This post covers an optional introduction to python to get hold of soccer data through Understat, as well as how to load the data into Tableau and map the shots on a pitch. Some example datasets have been created for those that want to just solely create the Tableau elements. A fun one for #SportsVizSunday folk!
Unlike previous blog posts where I cover off thought processes behind ideas I am hoping this tutorial will be a bit more substantial in terms of following along to create your own.
It is has been on my goals for the year to get more familiar with python and it’s usability. I am grateful that I am surrounded by encouragement from our team at work, those doing the #100DaysofCode course in the wider data community, as well as following some stars in the sports community. You may recently have seen Mckay Johns, on the most recent “What’s Good?” blog, or the headway Alexander Varlamov is making in his various sports tutorials.
If you’d rather not use python and skip straight to the datasets I’ve created then skip forward to the Tableau part in the bottom half of the blog!
The datasets can be find on my local Github repo, from the top of the page. They can be found in the Datasets Season 2019:20 folder. You will see the League Player data csv export includes an aggregated view of every players stats in the chosen league for the 2019/20 season, covering details such as number of games played, total cards and number of goals scored. The code then takes these players and finds every single shot they took within the league in that season, under the file Player shot data csv These files are split by league, and are also for the season 2019/20.
I have chosen to use PyCharm to run the code in but it’s up to you. You can download Pycharm Community from the link, here.
The code can be found in the GITHUB repo in the main.py file.
It will look like the below. I tried to make it both user friendly and easy to understand for anyone just starting out.
1. Create a new project and copy the code from the repo.
2. Paste the code into the new project area.
3. You will initially see that understatapi in line 6 above has a redline under it. This is because it is a package we do not initially have. Hover over it and click install package understatapi.
If this doesn’t work. Locate the terminal at the bottom of the page and write “pip install understatapi”
You will see the red line disappear once the package has installed.
(Update 27/04: Mo Wootten kindly offered to do some testing prior to release and pointed out there’s a dependency in the understatsapi package for numpy > 1.2 which meant that initially he couldn’t successfully install it (it comes up with an error about numpy.typing)
To get round this you will need to update your numpy package or install the ‘typing-extensions’ package before the understatapi. import numpy.typing
Now all we have to do is….
CLICK RUN (and follow the terminal steps (see point 5)
What does the code do?
We are tapping into the understatapi, if you hover over the word it gives you some more details as to what is included in the package.
The first two are print statements. You will see them pop up in the terminal.
5. You will want to click into the terminal and write your response choosing from the options. Why not try “EPL” and “2019” to start.
The code saves your text input and saves it as the choice made.

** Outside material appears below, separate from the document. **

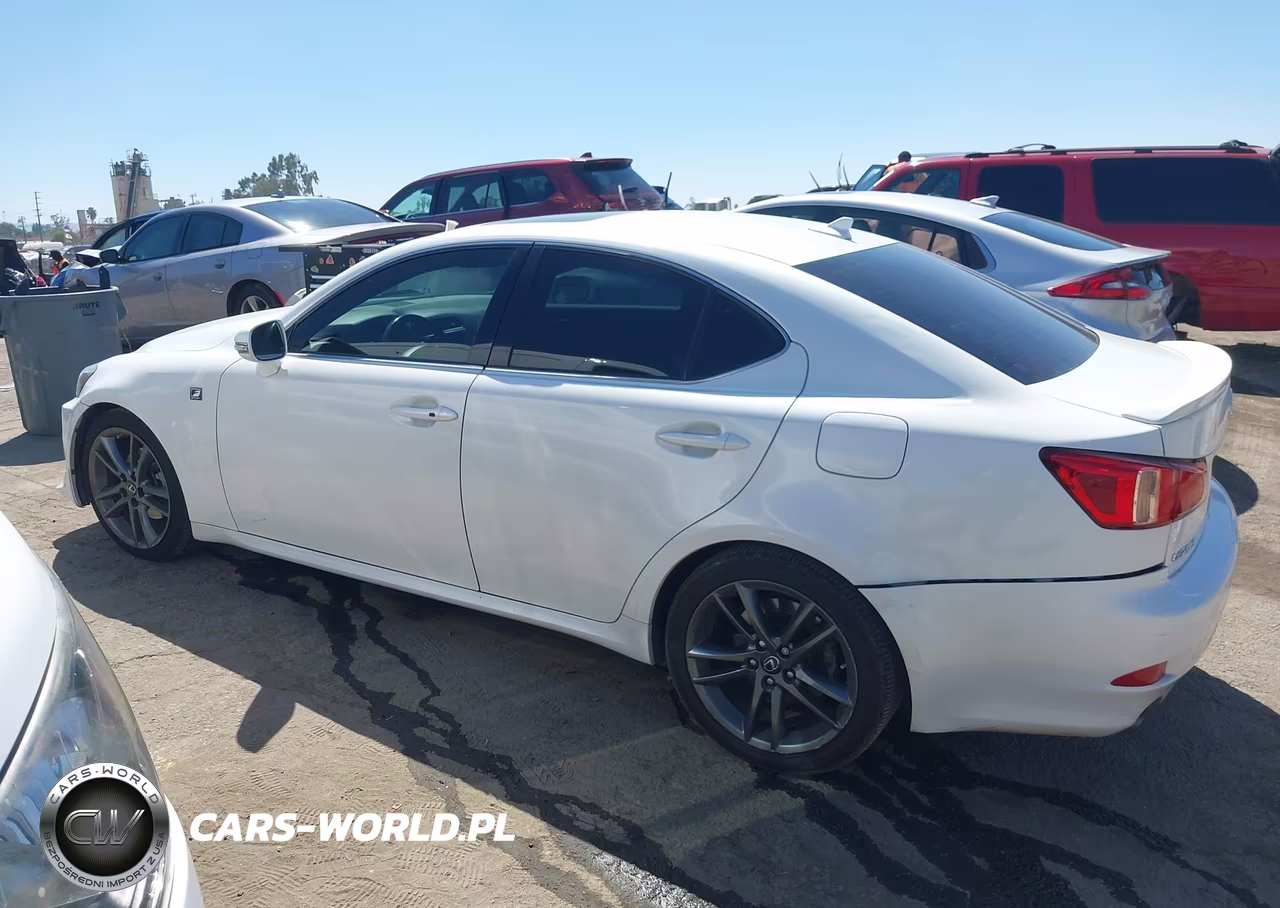 2012 Lexus Is 250 VIN:JTHBF5C28C5180013 - 14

We later refer to these choices, so it is vital you spell the league name and year correctly otherwise the code fails. To have a better knowledge of what seasons are available make sure to check out the understat.com site! For example here is EPL’s choices years. We type in 2019 to get season 2019/2020.
6. What happens next?
We find all the league player data. Here it refers to our chosen league and season.
Next we look to export this data into a CSV. The index set to false removes a row counter column that is unneeded.
We reassign the naming convention of the ID’s within the dataset to player_id.
After this I take from the league_player_data all the team names. I create a set (a distinct version of the list). This is because I will want to refer to it later within the loop.
We then print a message for simplicity stating how many players are in the chosen league, in the count statement.
(At this point we have reached the league_player_data.csv) stage.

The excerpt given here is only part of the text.